Going forward, the most important decider on women's rights will probably be the Muslim Brotherhood and its Freedom and Justice Party (FJP), whose victory in Egypt's elections seems assured. Accordingly, women's activists have cause for concern. The FJP platform calls for reassessing existing women's and children's rights laws to rid them of provisions "destructive to the family." One female FJP candidate said that she would work to overturn "women's and children's laws that . . . violate sharia and human nature." Brotherhood representatives have criticized women's rights provisions in the past. In 2008, several Brotherhood parliamentarians fought against allowing mothers to obtain birth certificates for their children, arguing that it would encourage female promiscuity (on the assumption that children for whom fathers refused to obtain birth certificates must be illegitimate).

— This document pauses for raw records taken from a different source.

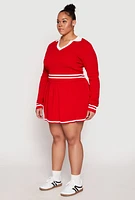 Womens Plus Size Daisy Varsity Stripe Detail Cropped Sweater, Red, Size 1X
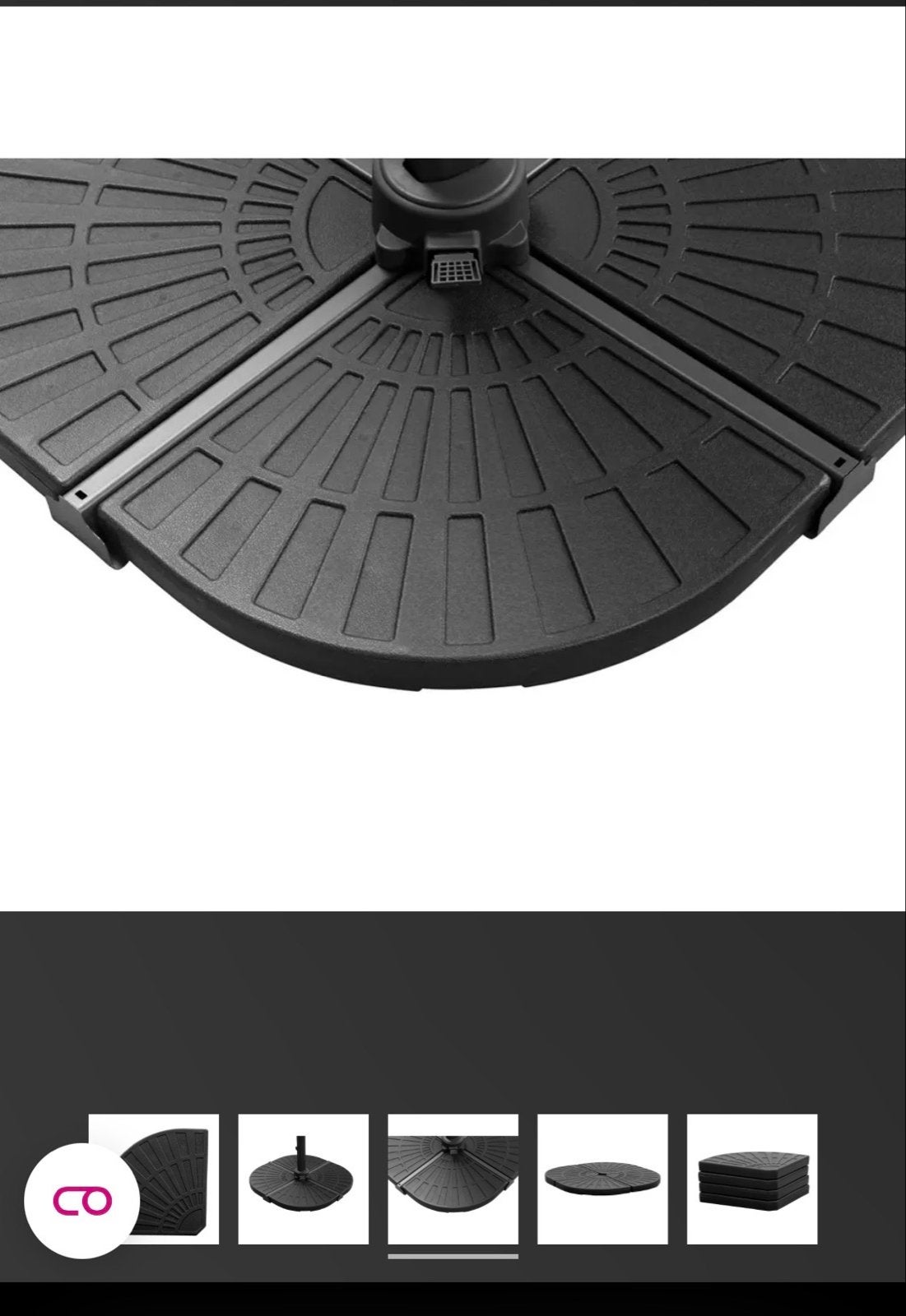 4 Parasoltegel 20kg met zweefparasol NANCY van Leen Bakker, Ophalen, Gebruikt, Minder dan 1 meter, Parasolvoet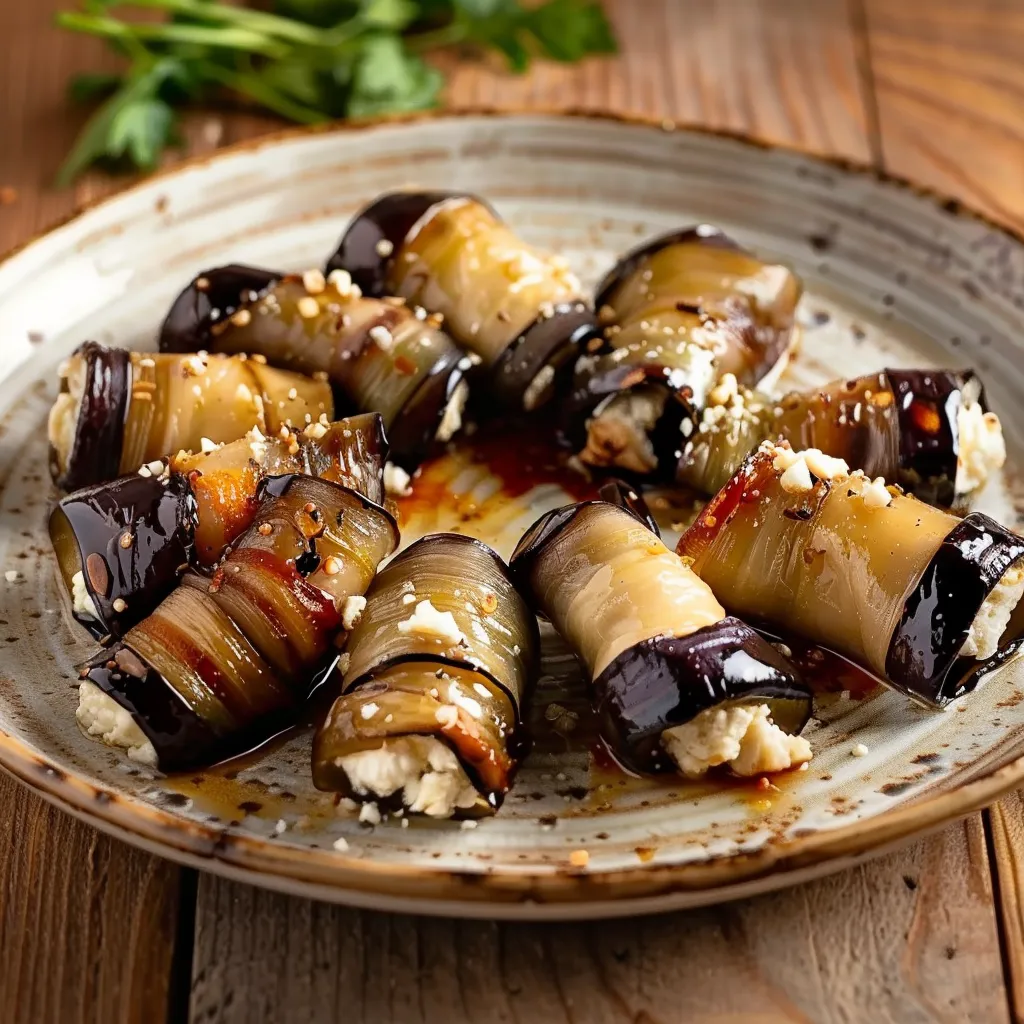 Délicieux roulés d'aubergines farcis au fromage de chèvre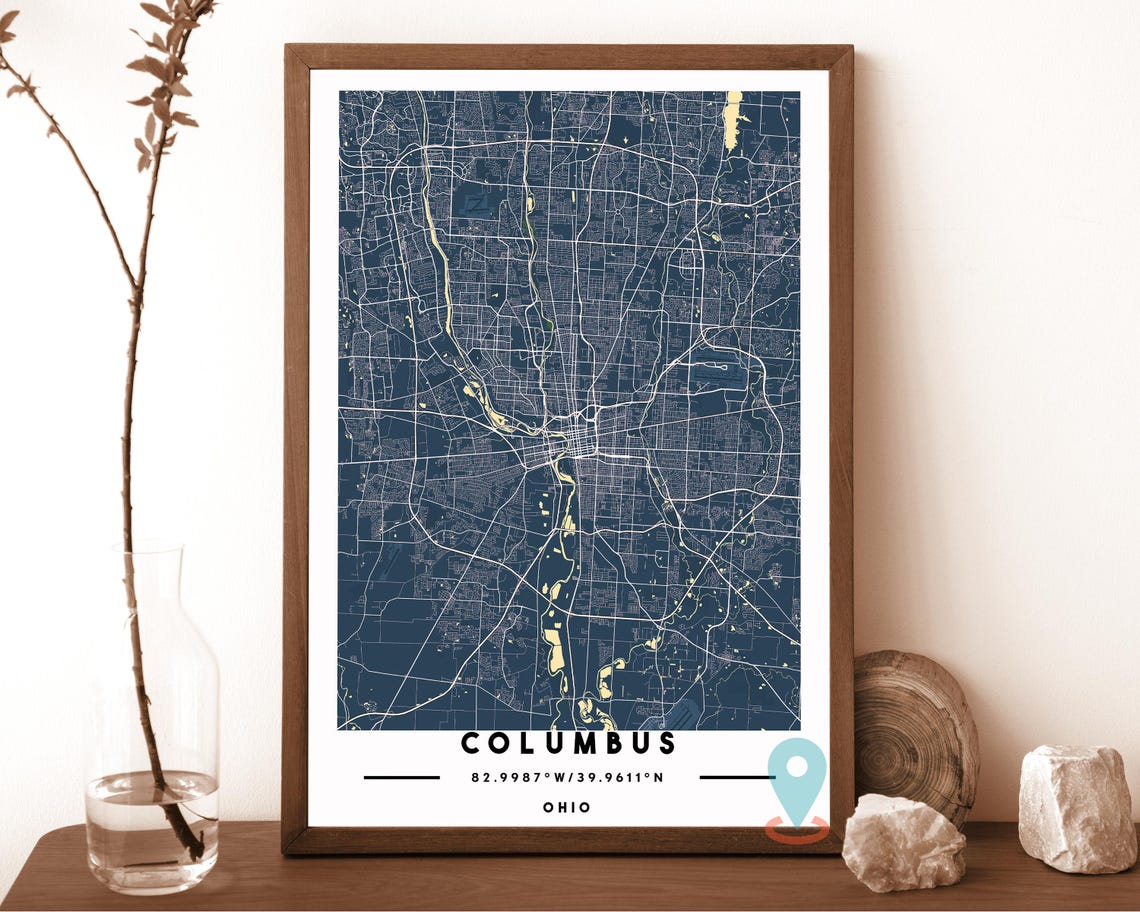 Columbus Ohio Grey City Street Map Coordinates Travel Decor Poster - Image 6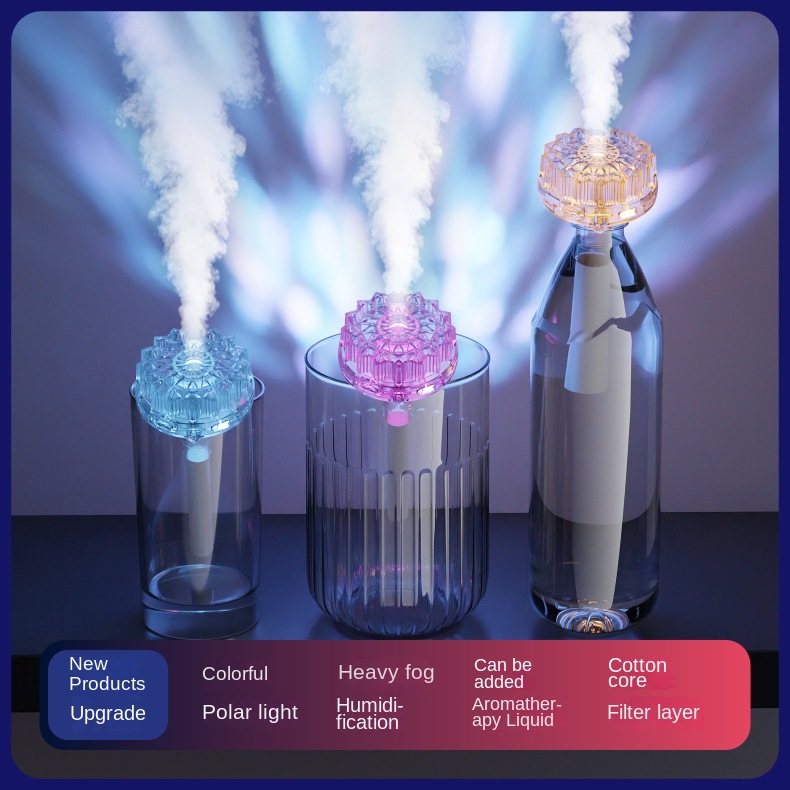 New USB Humidifier Car Home Office Small Air Purifier Heavy Fog Colorful Atmosphere Light Humidification Stick
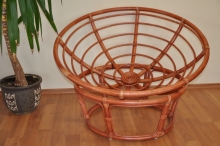 Ratanový papasan 110 cm koňak - konstrukce bez polstru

And the Brotherhood will also have to account for forces further to the right -- namely, the hardline conservative Salafi al-Nour party, which won 24 percent of the vote in the first round of elections and 35 percent in the second. Two months before their protest outside of al-Azhar in May, Salafis hung posters in Alexandria criticizing "indecently dressed women" and showing an unveiled woman encircled by insects. Although it is unclear whether al-Nour officially supported these activities, at the party's first conference for women in October -- entitled "Women's Role in Political Life" and attended by 700 female party supporters -- not a single woman was among the speakers. And one of al-Nour's key activists, Yasser Burhami, criticized female journalists covering the event for not wearing proper Islamic dress, calling them "clothed yet naked," and claimed that it was "incumbent" on him to criticize such women because those who fail to wear proper clothing "will not enter heaven."
Opposition to women's rights extends beyond the Islamists as well. When khula divorce passed in 2000, the head of the largest secular party, the Wafd, called it a "crime against Egyptian society." This past March, the Wafd party's newspaper published a lengthy attack on women's rights laws, such as those allowing women to obtain passports and travel abroad without the permission of their fathers or husbands.
The United States has a role to play, mainly by encouraging a rapid transition to a fully empowered civilian government and conditioning continued aid to the military on its withdrawal from politics. But if the newly elected government restricts women's rights, Washington would be wise to avoid advocating particular outcomes. Such intervention would likely backfire, strengthening the argument of social conservatives and Islamists that the West is attempting to impose its own social norms.
Egyptian women's activists and their international supporters understand this well. A project manager for an international NGO in Cairo described to me how international donors agreed not to put their logos on materials for campaigns against female genital mutilation in Egyptian villages, lest they lend credence to the widespread presumption that the project is a Western effort to encourage female promiscuity.
In addition, Washington should oppose the army's attempts to limit civil society groups' freedom of operation. Existing human rights organizations, and new ones that may emerge, are ultimately best positioned to protect women's rights in the new Egypt. The actions of the 10,000 female protesters that took to the streets this week against military abuse of women -- and the commitment of the men that formed a protective cordon around them -- demonstrated the bravery and determination of civil society advocates, who are ultimately best positioned to protect women's rights in the new Egypt.